For all her successes – Felicien has been a multiple medalist as well as a world outdoor and indoor champion – the Olympics are the great “what ifs” of her career. In 2004, she was favoured to win gold but crashed after hitting the first hurdle. She carried on for the Beijing Olympics, only to suffer a bone fracture in her foot. She ended up working those Olympics as a commentator for CBC television and saw teammate Priscilla Lopes-Schliep win bronze in the 100-metre hurdles.
Lopes-Schliep is expecting her first child in September but is still planning to compete in London.
“I felt I would have been on that podium at the  Olympics. Watching the medalists, it wasn’t about them or being upset that they’d won. It was more about how you missed that opportunity,” Felicien said. “That’s human nature.”

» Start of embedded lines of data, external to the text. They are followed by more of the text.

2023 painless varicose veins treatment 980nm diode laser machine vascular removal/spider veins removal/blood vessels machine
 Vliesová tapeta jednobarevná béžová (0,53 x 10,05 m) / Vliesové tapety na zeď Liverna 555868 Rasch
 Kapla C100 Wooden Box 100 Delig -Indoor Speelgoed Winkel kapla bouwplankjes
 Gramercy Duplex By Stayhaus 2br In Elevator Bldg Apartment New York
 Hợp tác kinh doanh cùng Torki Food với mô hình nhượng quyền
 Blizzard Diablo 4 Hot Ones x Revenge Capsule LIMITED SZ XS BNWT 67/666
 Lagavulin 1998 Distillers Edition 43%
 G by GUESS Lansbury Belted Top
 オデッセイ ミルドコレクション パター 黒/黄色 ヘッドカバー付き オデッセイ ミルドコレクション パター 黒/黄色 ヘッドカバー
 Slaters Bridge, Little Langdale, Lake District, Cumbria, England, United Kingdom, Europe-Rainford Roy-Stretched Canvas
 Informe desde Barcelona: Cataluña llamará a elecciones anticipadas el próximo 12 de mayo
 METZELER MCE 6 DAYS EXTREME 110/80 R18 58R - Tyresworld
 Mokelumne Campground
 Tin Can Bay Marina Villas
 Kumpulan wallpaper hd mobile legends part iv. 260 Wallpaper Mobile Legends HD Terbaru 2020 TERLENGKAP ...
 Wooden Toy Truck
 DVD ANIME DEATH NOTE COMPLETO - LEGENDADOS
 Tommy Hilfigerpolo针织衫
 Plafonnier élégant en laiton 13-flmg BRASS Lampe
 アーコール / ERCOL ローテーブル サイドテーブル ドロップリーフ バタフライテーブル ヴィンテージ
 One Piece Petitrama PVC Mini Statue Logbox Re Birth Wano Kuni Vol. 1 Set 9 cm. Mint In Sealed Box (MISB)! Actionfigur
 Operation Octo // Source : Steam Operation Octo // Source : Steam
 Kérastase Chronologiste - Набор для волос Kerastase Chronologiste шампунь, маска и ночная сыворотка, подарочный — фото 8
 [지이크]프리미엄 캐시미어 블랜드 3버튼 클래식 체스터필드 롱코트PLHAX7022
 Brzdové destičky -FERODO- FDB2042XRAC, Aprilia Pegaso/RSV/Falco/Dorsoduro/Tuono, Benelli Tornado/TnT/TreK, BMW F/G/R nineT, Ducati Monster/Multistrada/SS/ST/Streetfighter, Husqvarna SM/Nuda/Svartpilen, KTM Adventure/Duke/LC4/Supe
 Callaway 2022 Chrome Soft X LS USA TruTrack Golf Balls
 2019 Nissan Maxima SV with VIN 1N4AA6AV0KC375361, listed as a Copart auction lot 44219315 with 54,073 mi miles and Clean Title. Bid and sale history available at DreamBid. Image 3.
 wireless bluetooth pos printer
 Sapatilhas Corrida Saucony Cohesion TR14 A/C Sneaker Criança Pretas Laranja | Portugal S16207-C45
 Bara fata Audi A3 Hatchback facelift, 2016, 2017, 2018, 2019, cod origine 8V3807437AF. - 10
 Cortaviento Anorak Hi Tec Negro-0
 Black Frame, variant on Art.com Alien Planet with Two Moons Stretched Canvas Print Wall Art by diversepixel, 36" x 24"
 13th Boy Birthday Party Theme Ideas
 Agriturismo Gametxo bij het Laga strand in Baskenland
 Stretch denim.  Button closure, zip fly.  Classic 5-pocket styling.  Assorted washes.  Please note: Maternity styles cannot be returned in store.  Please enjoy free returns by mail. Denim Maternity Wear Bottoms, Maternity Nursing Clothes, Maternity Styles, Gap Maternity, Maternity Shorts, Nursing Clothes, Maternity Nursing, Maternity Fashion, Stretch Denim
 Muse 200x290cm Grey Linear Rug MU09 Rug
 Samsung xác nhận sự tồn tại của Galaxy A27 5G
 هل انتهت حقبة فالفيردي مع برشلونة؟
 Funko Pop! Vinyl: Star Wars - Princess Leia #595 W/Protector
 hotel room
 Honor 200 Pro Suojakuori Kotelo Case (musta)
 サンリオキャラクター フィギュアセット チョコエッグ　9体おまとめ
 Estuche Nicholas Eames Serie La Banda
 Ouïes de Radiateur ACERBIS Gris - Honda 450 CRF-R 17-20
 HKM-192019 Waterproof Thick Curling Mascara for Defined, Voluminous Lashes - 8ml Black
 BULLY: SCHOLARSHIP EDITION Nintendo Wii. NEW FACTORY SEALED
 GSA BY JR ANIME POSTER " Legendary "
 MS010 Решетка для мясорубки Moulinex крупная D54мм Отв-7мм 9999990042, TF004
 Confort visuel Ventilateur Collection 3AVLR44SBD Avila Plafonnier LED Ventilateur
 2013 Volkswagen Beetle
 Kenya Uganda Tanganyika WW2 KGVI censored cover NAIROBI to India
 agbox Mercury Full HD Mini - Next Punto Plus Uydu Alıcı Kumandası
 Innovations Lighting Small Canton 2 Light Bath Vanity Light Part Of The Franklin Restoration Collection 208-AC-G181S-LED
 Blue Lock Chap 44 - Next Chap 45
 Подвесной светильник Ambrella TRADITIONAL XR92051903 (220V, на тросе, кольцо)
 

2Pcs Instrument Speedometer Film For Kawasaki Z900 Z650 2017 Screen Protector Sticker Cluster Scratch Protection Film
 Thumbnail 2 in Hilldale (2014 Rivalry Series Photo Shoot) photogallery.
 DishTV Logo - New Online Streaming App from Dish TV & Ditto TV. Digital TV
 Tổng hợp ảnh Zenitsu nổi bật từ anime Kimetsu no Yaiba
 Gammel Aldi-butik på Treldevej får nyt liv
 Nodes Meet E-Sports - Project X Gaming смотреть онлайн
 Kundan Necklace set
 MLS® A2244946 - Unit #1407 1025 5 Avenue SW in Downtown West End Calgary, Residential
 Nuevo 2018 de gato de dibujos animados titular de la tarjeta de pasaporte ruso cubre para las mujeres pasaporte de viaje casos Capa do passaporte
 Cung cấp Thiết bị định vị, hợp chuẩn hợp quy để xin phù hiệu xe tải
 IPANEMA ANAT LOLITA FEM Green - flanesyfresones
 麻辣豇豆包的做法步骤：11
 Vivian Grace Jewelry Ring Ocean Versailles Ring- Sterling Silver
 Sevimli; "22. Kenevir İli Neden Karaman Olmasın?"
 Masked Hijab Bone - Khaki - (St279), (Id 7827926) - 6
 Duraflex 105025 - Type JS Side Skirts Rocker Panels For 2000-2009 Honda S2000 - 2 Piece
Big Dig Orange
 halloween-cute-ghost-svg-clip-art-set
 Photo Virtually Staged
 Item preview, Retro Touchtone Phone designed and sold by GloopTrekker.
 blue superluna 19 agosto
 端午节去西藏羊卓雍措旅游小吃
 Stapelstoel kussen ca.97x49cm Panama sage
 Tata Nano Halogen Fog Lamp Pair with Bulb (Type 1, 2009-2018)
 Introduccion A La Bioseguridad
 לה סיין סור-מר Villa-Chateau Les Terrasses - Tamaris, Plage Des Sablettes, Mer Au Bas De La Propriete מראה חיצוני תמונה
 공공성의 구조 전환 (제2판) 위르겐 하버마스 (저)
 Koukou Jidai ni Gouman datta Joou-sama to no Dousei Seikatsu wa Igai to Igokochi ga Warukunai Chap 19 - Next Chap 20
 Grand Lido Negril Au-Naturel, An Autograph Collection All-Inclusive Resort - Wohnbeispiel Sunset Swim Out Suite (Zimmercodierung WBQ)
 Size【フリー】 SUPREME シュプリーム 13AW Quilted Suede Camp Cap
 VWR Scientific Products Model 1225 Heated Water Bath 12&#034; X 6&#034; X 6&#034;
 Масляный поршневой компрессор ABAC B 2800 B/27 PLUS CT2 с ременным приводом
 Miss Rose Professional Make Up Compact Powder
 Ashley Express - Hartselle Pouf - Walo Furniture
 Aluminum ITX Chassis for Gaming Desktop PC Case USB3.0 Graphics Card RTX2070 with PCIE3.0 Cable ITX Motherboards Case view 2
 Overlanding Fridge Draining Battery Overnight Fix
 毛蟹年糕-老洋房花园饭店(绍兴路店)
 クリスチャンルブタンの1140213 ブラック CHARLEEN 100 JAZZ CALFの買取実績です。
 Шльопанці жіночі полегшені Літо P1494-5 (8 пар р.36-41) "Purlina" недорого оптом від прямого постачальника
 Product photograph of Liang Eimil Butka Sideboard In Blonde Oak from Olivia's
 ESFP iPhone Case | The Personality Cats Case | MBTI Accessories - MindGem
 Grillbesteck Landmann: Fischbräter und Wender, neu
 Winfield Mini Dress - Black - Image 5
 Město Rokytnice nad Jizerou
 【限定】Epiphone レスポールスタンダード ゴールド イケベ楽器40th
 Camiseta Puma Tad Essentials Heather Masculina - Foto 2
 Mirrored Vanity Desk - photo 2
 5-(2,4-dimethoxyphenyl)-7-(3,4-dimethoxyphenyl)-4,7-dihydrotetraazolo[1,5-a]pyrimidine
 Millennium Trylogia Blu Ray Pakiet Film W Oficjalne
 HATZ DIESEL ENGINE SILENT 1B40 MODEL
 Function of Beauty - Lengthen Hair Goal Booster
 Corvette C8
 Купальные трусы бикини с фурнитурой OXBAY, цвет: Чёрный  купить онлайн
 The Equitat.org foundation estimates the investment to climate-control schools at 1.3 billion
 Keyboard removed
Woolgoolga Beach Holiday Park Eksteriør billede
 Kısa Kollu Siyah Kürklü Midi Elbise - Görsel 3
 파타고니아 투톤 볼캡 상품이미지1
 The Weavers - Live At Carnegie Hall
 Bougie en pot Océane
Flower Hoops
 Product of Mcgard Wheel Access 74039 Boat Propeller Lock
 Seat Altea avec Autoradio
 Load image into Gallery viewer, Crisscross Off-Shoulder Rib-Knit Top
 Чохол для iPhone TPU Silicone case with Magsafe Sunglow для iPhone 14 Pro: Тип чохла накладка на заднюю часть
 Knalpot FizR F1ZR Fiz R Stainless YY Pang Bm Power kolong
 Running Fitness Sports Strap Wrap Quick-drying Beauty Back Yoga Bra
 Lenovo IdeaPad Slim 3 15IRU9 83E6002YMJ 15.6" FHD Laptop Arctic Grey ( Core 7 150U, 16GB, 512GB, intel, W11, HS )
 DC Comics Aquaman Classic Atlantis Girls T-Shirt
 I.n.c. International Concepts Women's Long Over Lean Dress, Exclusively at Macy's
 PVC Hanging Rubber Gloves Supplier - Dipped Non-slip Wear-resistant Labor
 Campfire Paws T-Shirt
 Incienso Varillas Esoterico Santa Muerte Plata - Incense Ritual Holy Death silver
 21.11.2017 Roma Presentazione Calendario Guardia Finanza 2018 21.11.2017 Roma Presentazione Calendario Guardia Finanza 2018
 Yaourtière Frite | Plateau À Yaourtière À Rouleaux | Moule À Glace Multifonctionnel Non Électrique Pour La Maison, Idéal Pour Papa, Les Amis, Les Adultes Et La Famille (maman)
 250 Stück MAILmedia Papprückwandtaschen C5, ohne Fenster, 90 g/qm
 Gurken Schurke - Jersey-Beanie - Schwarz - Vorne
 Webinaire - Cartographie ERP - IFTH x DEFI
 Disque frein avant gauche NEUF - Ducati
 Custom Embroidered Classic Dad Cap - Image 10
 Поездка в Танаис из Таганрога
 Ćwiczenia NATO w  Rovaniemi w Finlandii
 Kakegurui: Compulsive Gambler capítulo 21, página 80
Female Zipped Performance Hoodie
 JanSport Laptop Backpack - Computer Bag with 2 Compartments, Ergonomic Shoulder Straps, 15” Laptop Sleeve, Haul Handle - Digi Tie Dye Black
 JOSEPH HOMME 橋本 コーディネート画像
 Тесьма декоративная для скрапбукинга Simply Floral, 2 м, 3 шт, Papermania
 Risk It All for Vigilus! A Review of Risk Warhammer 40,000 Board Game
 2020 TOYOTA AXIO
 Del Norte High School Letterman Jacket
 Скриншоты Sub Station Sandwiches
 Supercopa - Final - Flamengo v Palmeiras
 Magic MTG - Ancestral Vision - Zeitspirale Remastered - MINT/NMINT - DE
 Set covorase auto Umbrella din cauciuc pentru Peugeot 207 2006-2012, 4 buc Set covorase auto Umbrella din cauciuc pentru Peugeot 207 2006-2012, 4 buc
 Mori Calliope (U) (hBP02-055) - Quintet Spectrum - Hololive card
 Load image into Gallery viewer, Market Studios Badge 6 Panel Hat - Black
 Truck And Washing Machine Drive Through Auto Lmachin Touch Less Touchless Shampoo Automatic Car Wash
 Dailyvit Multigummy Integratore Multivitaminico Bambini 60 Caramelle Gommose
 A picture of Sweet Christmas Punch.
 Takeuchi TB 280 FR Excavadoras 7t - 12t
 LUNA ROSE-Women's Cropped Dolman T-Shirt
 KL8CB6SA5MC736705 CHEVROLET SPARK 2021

Felicien readily admitted the Olympics have a hold on her. Despite the two disappointments, she knows she’s fortunate to have another go at redemption. She believes she’s mentally stronger for whatever lies ahead.
“[The fall in 2004] was one of those things that got away from me. It happened, you analyze it. Yeah, it sucks. But you move on,” she said. “I know what it takes to prepare for the Olympics. I’ve been there before. We’re all great specimens. It’s about the mindset.”
And that’s why Felicien moved to Calgary – to change things up, feed her mind. So far, everything seems to be falling into step.
“If she wins an Olympic medal, she’ll be the most decorated female in Canadian athletics,’ Gramantik said. “That’s what she’s chasing.”